## TASK TO COMPLETE
The listing below holds pictures; exclude them. Return exactly the lines from the one with "Women | Stella Sneaker | Gold/White" through the one with "Gigi Vibe with".

(AVAILABLE DATA begins)

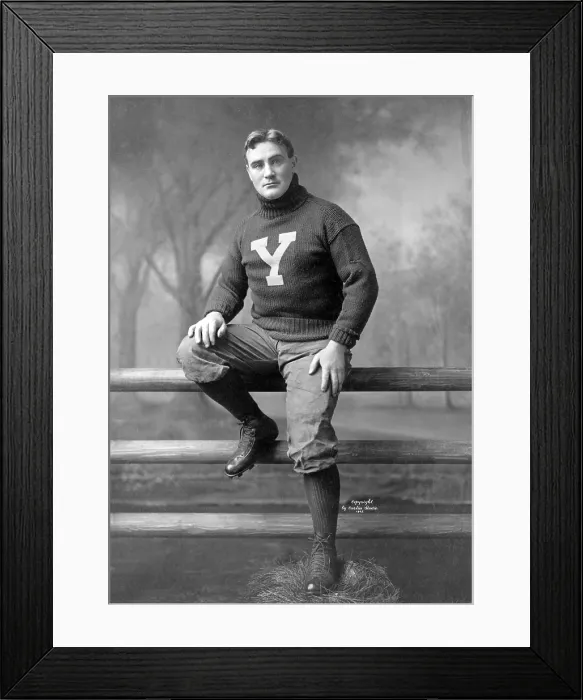 Framed Print : Football, Captain James Hogan, circa 1905 Framed Print : Football, Captain James Hogan, circa 1905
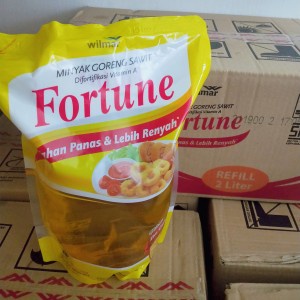 

Minyak Goreng Fortune Kemasan 2L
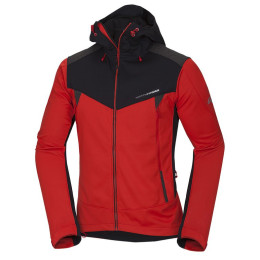 Chaqueta de hombre Northfinder Kalev rojo red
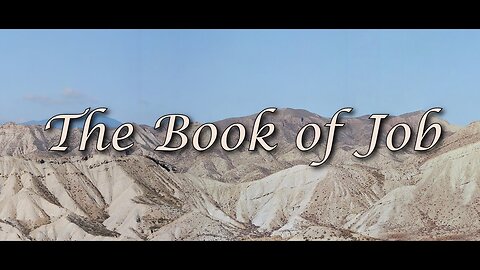 KJV Audio Book With Text 18 Job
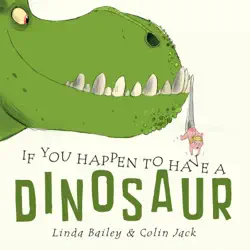 if you happen to have a dinosaur book cover image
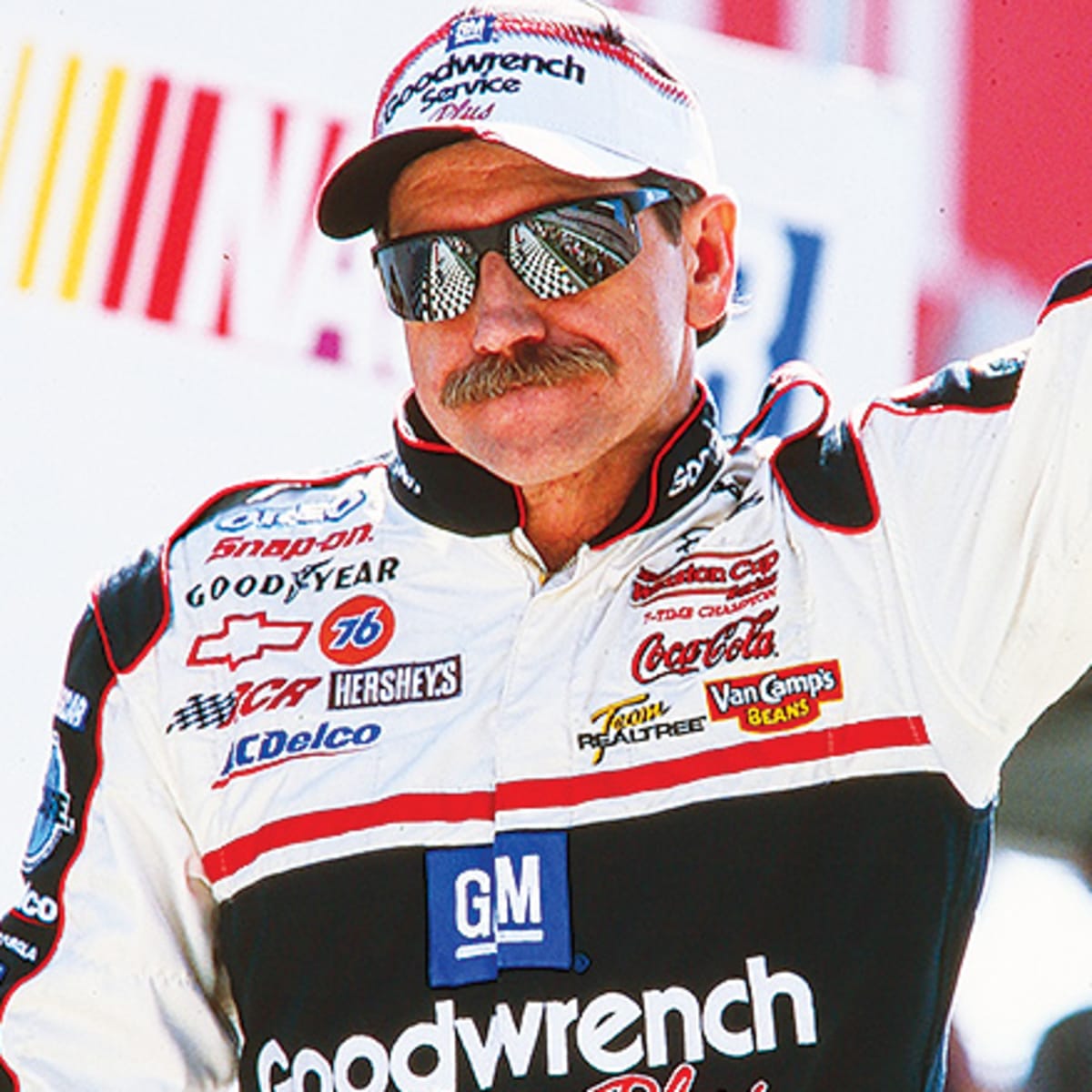 Happy birthday, Dale Earnhardt. Dale would have been 73 today ❤️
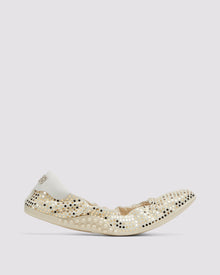 Women | Stella Sneaker | Gold/White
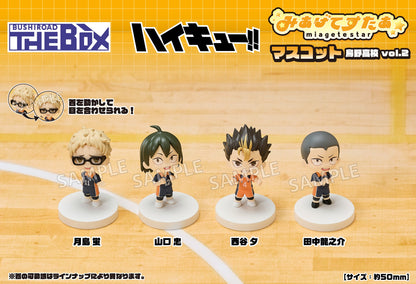 Haikyu!! Bushiroad the Box - Look Up Star Mascot Karasuno High School Vol.2 Complete Set of 4 Types [Pre-order Nov 2026]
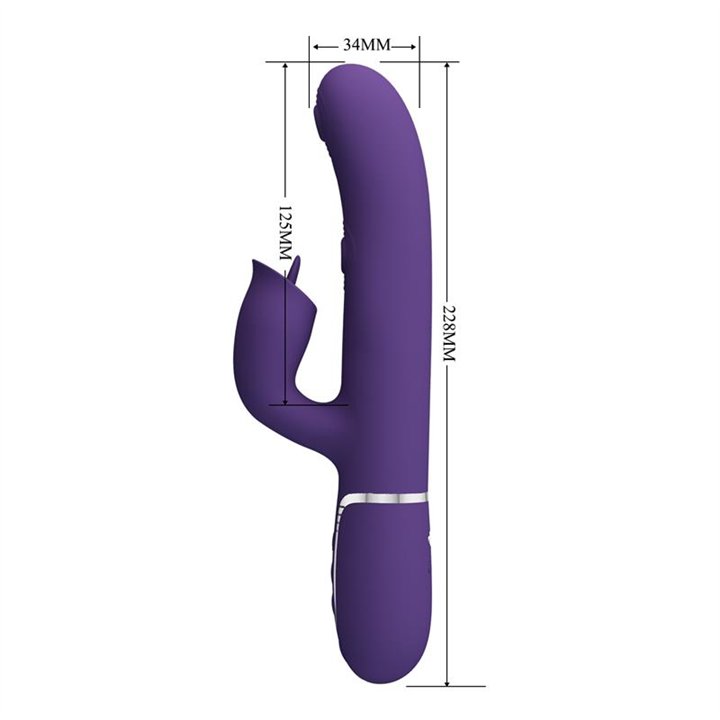 Gigi Vibe with thumping and licking - BW-500035-2 - Teknashop Ltd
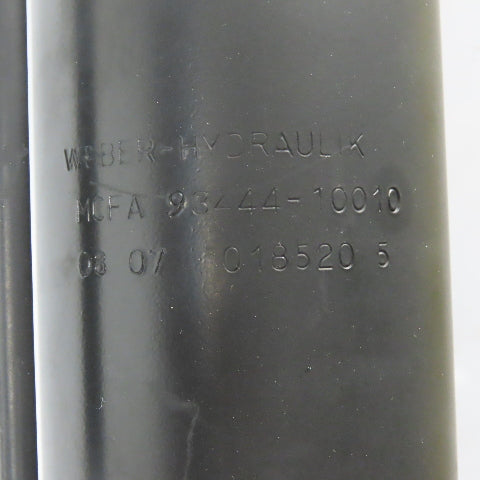 Weber-Hydraulik 93444-10010 Hydraulic Cylinder Double End 8" Stroke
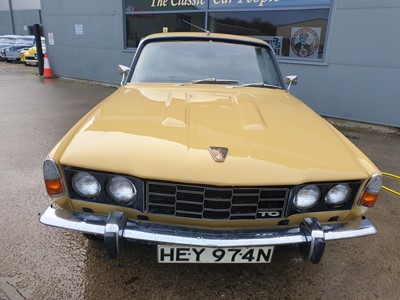 Lot 134 - 1975 ROVER 2200 TC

(AVAILABLE DATA ends)

## OUTPUT
 Women | Stella Sneaker | Gold/White
 Haikyu!! Bushiroad the Box - Look Up Star Mascot Karasuno High School Vol.2 Complete Set of 4 Types [Pre-order Nov 2026]
 Gigi Vibe with thumping and licking - BW-500035-2 - Teknashop Ltd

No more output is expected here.